As a writer – aspiring one – I’ve had the roller-coaster experience of multiple characters and story lines carrying on in my head. They invaded dreams, interrupted homework and chores, walked with me, soothed me, challenged me, and bullied me. They wanted to be seen, felt, heard and how could I blame them when I wanted the same? I wanted to bring the insanity to life. Letter by letter, keystroke by keystroke, till the cacophony of voices in my head were reflected back to me.
In doing all this labour of love, there is one fine detail that has to be taken care less an emergency would happen. Back up hands would be needed. Extra pair of eyes would be deciding factors. The fate of that baby would be uncertain, and why? Because there was no voice. Was it dead? No, there were the arms, the legs, the body, the head. All moving. The eyes squeezed shut from the entry to the world but there was no sound of life. That is where my job really begins and continues on with me till the very end.

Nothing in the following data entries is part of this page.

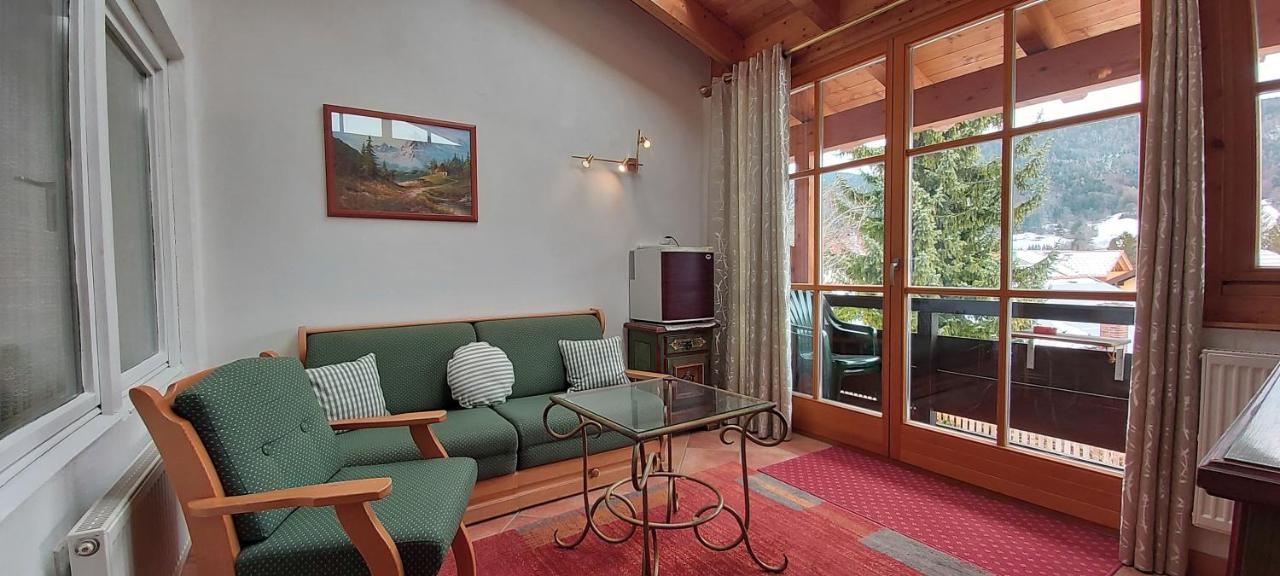 Hotel - Pension - Heidelberg Inkl. Chiemgaukarte โรพอลดิง ภายนอก รูปภาพ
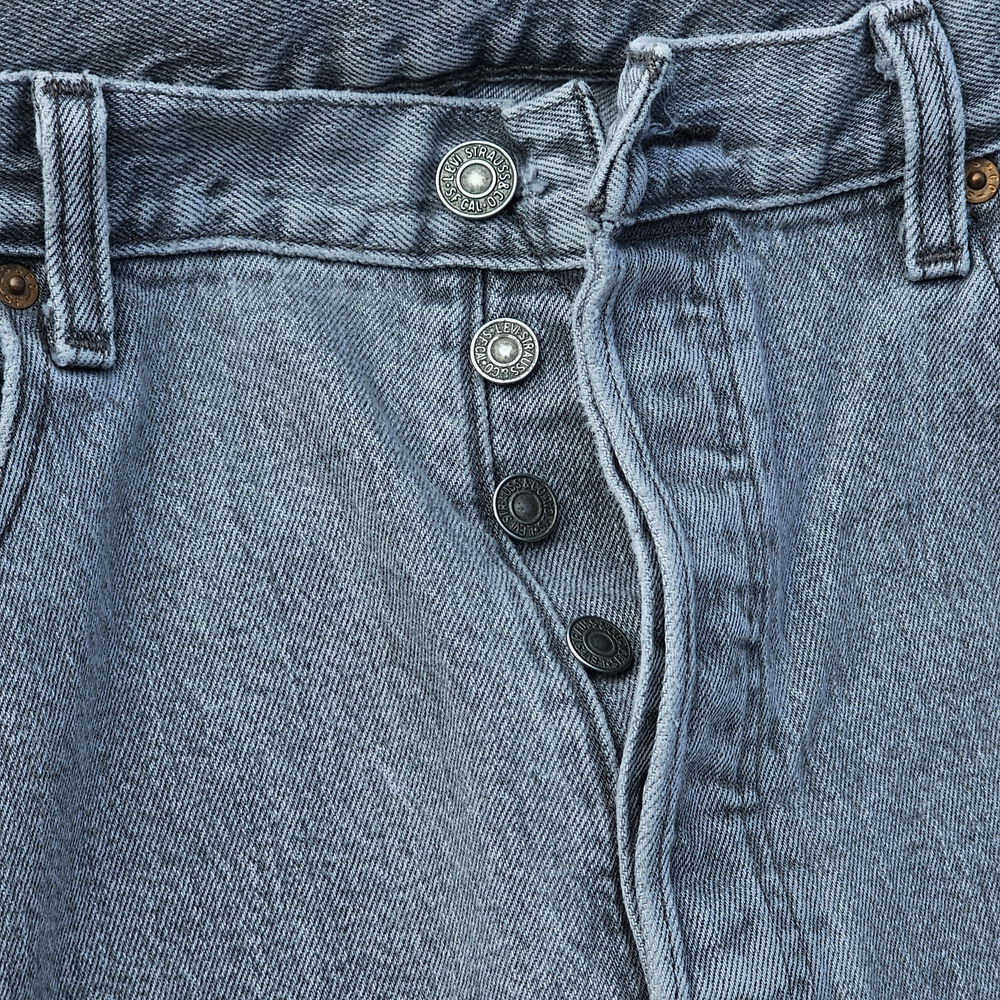 Levi's Men's Straight Jeans in Slate Lights Black. - Picture 4 of 6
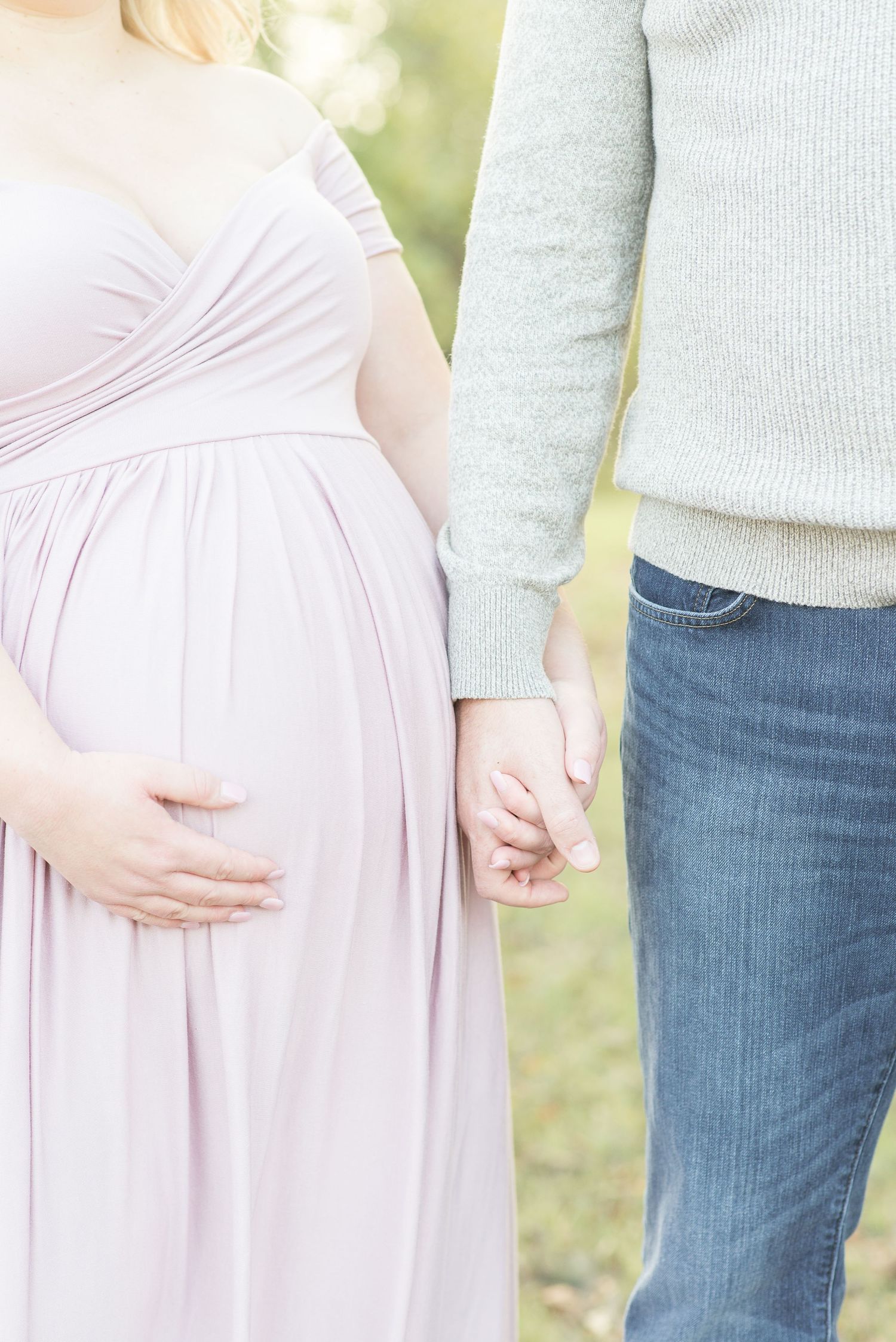 Maternity Holding Hands DFW Family Photographer - Light Airy Photography  | Serving Frisco Plano McKinney Allen Dallas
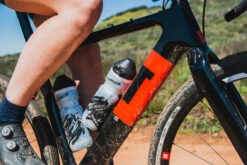 Sideburn 8 Carbon Water Bottle Cage For Gravel And Mountain Bikes (Right) -Cycling Gear D2018 817195012479 6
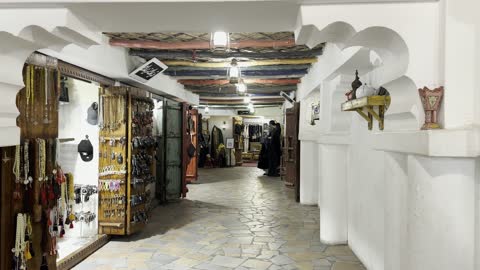 سوق القرية الشعبية فى مدينة الدمام يوم 29 من ديسمبر 2025، القرية العالمية بالدمام،  تجربة ثقافية وسياحية للعائلات والزوار، التراث العمراني السعودي، فعالية تراثية بطابع شعبي أصيل، وجهة ثقافية وسياحية بارزة في المملكة العربية السعودية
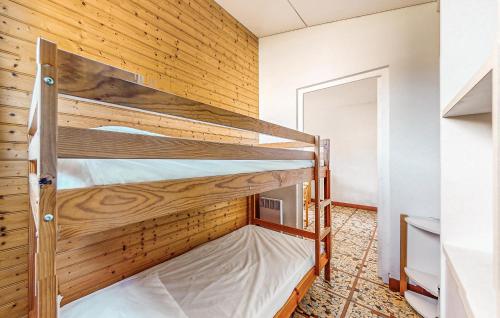 Ένα ή περισσότερα κρεβάτια σε δωμάτιο στο Stunning Home In Saint-Savinien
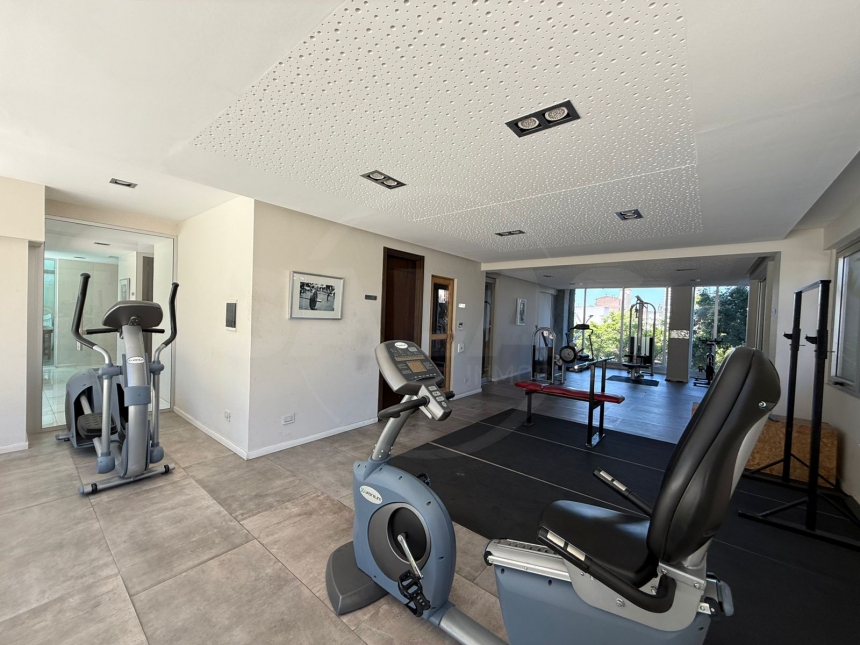 Bv. Pellgrini 2400 (Centro )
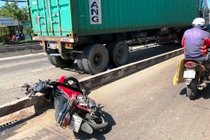 TP HCM: Xe container cán chết người đi xe máy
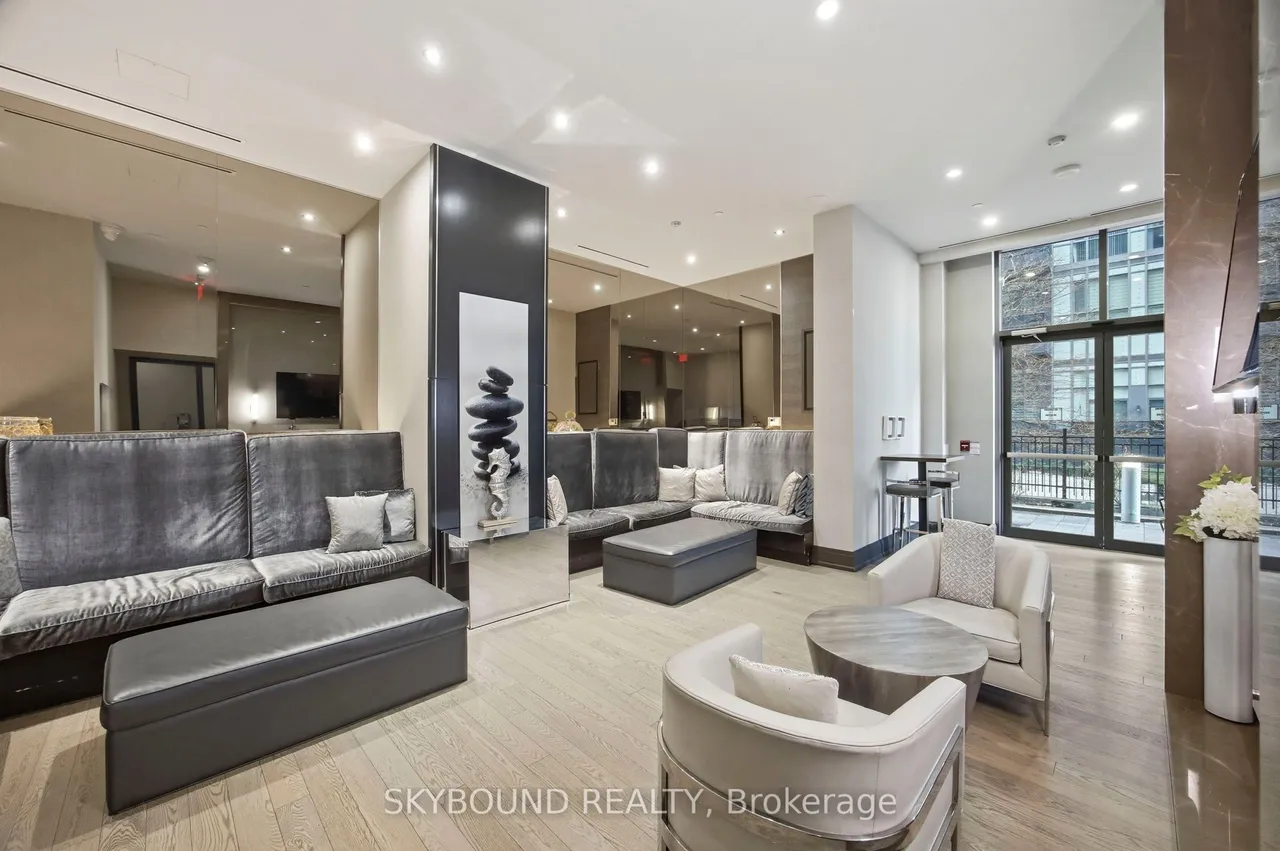 60 Annie Craig Drive — photo 3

My job is to find the voice. I’m to figure out if they will be the aggressor with a love for magnifying glass, a strong dislike for thunder, and a secret fear of butterflies or will they be a filler who hates adventure but never leaves a friend behind?
I’ve found that voice can’t be forced. It comes like the rain on a scorching summer day. You can beg for it, but it won’t come till it’s ready and when it does, there’s no feeling like it. Waiting and working with the plot is what opens me up for the voices to develop. They were there in my head once. All I have to do is allow for that echo to manifest and trust in myself.
My advice, reread what you’ve got down so far. It can be notes, quick quotes, either a very basic or beginning or an outline, or even paragraphs. Your voice is there as the lead solo and so are the rest. They’re merely waiting for their cue to start singing. If you don’t feel anything, then scrap the idea (meaning store it away for later because you may return to it) and move on.
Developing/Building worksheets are very helpful when it comes to plot and character. Some questions may be daunting, some unappealing, but you have the option of answering whatever you want or need to in order to really get a hold of what you’re working with. A little roleplay, with a trusted partner) can help as well. You’d be surprised how the creativity juices start flowing. Same for doing the old faithful, pick up a book, and read. Sometimes reading can be the jump start you need. I haven’t been working with a voice journal long enough to stand by it, but it is an exercise that might work better for you than you’d expect.
My very last suggestion is one most people who deal with writers or writing and that’s to just WRITE. Sit down and keep at it till you feel the wall breaking. Sometimes the only way to get past that wall, is to go through it. Hopefully one of those things can help you find the voice the way they have helped me.